▶ Data excerpt:
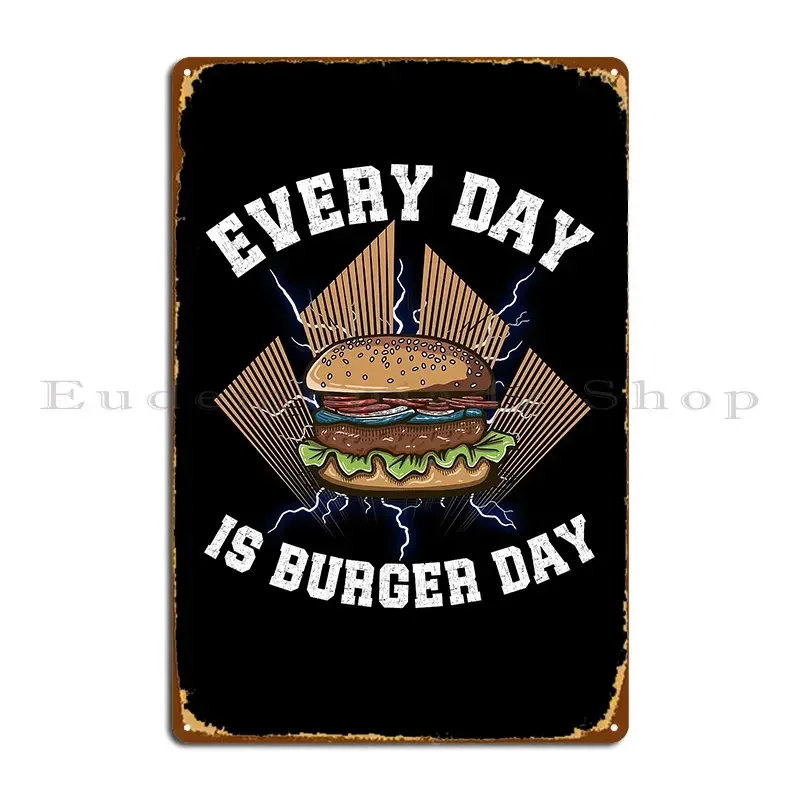 Every Day Is Burger Day Funny Fast Food Graphics Metal Sign Wall Decor Cave Wall Mural Party Character Tin Sign Poster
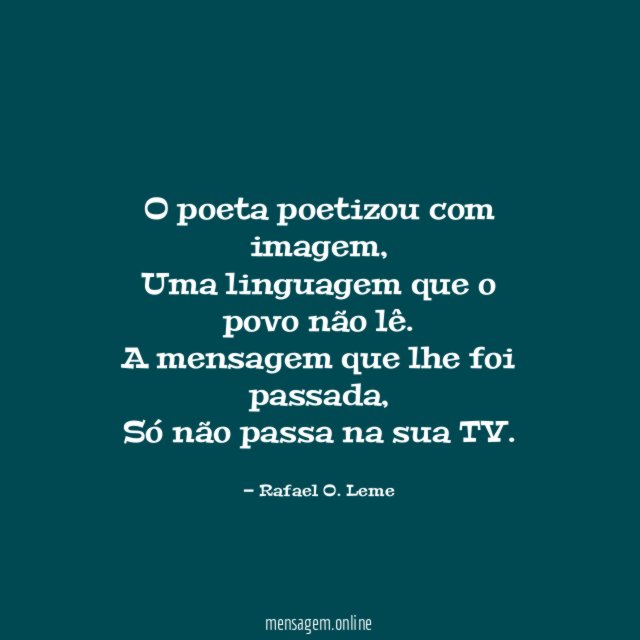 O poeta poetizou com imagem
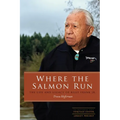 Where the Salmon Run: The Life and Legacy of Billy Frank Jr. - Paperback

▶ Exercise aim: What is needed here is an exact transcript of the data above, pictures excluded.

▶ Answer area:
 Every Day Is Burger Day Funny Fast Food Graphics Metal Sign Wall Decor Cave Wall Mural Party Character Tin Sign Poster
 O poeta poetizou com imagem
 Where the Salmon Run: The Life and Legacy of Billy Frank Jr. - Paperback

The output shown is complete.